Novelist Richard Ford makes the point that we can use our reading of literary novels to  make sense of our own lives in relation to the lives of the characters we are reading about.  In an essay ‘Frank and Me’ in the Financial Times (Life & Arts 25/6 October 2014) he describes the sense he has of human existence whereby “we’re all but bits and pieces forged together by some furious will.” It is a furious will that directs us towards “seeking plausibility”. Ford doesn’t specify what he means by ‘plausibility’. But there is a sense in which he sees plausibility in some credible understanding of ourselves in the world which would enable us to feel less disjointed and more complete. Plausibility comes across as some overall sense of coherence we seek to have in our lives, no matter how much success we have been able to achieve or failure we have suffered. Our need to find plausibility is something he says he tries to bring out in the lives of his fictional characters, in particular Frank Bascombe, who features first in The Sportswriter and at different stages in his life in some of Ford’s other work, including most recently in Let Me be Frank with You. It’s because Bascombe’s character is shown to be seeking plausibility that Ford believes “novels act as moral instruments.”  Through reading a novel we follow out how characters deal with the challenge of finding plausibility while feeling directed by a furious will. And implicitly we relate the responses they have to our own lives; we read their responses in the context of our own experience of feeling similarly challenged to find plausibility while under the direction of some unclear impulse or furious will. And this implicit recognition we experience  when engaged with the artwork can become explicit when we reflect on it and discuss it.
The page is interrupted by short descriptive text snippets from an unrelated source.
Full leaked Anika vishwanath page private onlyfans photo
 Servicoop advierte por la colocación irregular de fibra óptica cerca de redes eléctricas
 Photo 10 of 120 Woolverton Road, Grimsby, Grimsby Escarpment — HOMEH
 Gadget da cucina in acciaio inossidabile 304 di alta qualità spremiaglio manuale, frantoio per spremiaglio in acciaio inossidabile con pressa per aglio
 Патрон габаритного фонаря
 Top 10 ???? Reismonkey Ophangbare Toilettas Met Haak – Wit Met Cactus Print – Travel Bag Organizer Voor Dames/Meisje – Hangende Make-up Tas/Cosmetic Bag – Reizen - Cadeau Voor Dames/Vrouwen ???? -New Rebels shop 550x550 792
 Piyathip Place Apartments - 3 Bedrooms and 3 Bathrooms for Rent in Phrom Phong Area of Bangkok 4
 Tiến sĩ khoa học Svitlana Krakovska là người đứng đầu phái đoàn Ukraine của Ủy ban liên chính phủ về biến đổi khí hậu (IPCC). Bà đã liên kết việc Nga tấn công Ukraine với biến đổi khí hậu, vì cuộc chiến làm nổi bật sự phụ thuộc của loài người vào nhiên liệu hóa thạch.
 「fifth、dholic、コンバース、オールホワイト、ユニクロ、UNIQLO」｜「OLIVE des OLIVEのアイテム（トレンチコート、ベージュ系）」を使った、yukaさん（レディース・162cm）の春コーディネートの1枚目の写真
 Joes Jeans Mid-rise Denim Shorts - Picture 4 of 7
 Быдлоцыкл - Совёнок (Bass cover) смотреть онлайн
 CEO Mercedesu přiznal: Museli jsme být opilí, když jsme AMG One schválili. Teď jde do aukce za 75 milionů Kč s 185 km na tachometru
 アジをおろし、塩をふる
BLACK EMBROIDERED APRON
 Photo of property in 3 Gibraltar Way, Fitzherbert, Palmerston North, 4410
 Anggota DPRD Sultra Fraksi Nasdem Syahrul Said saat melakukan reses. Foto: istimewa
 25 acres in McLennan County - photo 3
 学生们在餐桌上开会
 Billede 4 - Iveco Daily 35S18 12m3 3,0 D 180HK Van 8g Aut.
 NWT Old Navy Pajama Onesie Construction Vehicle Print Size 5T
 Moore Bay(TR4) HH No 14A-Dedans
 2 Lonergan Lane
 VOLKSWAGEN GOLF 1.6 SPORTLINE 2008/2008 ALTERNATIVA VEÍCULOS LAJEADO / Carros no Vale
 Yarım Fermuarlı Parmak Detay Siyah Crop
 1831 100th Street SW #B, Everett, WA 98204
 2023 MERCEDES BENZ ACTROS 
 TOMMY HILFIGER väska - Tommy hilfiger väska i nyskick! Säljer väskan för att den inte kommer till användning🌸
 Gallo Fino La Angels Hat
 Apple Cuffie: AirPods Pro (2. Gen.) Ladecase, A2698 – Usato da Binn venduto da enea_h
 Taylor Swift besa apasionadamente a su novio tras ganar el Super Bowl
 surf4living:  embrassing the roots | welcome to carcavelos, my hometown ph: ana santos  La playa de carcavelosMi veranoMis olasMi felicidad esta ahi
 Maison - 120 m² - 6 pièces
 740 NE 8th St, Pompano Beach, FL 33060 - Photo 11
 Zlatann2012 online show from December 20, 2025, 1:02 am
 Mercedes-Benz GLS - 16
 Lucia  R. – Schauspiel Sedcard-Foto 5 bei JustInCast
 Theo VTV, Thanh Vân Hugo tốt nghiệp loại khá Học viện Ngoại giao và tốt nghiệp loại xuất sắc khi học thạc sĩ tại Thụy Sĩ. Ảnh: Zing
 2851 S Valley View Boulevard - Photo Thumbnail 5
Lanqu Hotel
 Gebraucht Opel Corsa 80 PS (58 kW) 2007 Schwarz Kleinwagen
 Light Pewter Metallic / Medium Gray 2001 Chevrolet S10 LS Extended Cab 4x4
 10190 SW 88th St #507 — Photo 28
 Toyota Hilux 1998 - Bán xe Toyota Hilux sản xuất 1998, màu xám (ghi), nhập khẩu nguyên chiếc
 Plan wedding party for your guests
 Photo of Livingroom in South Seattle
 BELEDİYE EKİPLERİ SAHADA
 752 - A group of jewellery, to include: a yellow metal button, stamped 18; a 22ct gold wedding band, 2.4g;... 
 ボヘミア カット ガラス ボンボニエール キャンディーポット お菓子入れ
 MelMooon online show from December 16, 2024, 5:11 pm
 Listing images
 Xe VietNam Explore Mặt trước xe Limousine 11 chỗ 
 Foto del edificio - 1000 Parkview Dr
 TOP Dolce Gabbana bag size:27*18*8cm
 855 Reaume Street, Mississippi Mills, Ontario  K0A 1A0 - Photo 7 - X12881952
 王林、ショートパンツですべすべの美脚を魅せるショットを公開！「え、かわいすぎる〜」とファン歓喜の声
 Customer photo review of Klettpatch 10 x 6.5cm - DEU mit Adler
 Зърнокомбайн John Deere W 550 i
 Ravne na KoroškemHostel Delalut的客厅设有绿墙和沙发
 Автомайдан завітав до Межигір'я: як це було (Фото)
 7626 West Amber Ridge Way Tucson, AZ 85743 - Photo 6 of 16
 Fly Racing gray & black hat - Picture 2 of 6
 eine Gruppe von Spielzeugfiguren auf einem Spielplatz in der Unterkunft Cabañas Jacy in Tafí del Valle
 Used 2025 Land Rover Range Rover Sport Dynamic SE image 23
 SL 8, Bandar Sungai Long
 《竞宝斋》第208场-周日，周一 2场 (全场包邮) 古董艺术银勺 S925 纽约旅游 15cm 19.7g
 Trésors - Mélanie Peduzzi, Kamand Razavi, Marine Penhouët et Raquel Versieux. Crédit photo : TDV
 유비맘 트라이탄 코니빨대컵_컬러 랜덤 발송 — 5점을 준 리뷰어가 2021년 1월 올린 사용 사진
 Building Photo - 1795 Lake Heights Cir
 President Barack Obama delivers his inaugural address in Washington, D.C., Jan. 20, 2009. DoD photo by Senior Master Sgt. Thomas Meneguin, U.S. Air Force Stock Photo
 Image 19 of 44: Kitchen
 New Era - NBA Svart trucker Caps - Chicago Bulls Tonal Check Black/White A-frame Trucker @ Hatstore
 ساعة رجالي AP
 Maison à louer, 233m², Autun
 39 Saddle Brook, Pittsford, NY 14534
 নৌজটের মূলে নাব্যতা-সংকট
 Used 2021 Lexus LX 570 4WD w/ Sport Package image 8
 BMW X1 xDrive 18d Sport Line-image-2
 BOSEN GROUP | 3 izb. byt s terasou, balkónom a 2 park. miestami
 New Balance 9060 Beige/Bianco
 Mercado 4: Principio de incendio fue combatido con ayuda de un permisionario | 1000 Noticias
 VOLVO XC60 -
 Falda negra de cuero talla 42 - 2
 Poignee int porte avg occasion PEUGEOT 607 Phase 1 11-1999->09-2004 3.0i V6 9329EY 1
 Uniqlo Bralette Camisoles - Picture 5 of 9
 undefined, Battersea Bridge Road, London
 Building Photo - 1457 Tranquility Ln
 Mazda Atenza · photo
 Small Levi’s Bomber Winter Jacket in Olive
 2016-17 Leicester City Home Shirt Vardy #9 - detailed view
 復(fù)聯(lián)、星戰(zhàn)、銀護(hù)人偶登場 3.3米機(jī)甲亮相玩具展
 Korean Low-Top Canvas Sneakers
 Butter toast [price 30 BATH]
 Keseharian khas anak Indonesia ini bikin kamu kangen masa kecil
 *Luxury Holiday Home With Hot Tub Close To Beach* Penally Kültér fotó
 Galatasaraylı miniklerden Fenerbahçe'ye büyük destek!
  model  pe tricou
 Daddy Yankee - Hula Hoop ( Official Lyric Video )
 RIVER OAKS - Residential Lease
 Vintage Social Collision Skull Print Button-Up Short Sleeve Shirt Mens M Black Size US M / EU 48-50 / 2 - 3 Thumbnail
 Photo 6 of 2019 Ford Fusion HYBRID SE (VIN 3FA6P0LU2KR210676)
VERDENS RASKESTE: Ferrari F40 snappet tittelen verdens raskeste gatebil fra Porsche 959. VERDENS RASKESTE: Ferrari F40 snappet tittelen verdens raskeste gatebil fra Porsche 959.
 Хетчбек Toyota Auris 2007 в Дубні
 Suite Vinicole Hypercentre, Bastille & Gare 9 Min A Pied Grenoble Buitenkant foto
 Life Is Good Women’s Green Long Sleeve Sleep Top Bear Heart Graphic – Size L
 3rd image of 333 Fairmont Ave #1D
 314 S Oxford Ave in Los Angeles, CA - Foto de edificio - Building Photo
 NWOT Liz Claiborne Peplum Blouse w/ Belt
Ford is writing about the content of novels as works of literary art. So why do literary works have this ethical feature of helping us to find plausibility in our lives rather than, say, the content of biographies or documentaries or soap operas? In the classical tradition expressed by Aquinas, it’s because artworks contain qualities of wholeness, harmony and radiance. These qualities provide a sense of unity which pervades a variety or richness of material and gives the work a certain indefinable attraction or radiance. James Joyce referred to the significance of these qualities in A Portrait of the Artist as a Young Man. Seamus Heaney also referred to them in response to a question put to him in interviews he gave to Denis O’ Driscoll, interviews which were published in the book Stepping Stones. These traditional qualities underwent re-formulation in the modernist period. Instead of traditional harmony, qualities such as dissonance, disjuncture, and verbal flow and verbal play featured in works. But they are not presented at random; they are formed in an arrangement that comprises a new kind of more complex unity in keeping with the modernist sensibility.  In literature, Joyce’s Ulysses and Beckett’s plays have such qualities. Such qualities are especially evident in contemporary classical music, in the works of John Cage and Philip Glass for example. The move in poetry from rhyme and metre to free verse marked an early shift to an new kind of harmony more adequate to the reality of how the poet feels his or her experience.

Aesthetic qualities give artworks their unique form and make them meaningful in a way that is lacking in other accounts of people’s lives. This is not to say that the biography of a good man, such as Nelson Mandela, or the storyline in a soap opera, can’t be ethically instructive or influential for how we might live. Clearly they can be. But the artistic form offers a deeper, more realistic and more intense appreciation of other people’s experiences in relation to our own than other written forms. In the case of literary fiction in particular we also experience a person’s life as if from within their feelings, thoughts and conscience. This brings it right inside ourselves in how we relate to our own feelings, thoughts and conscience.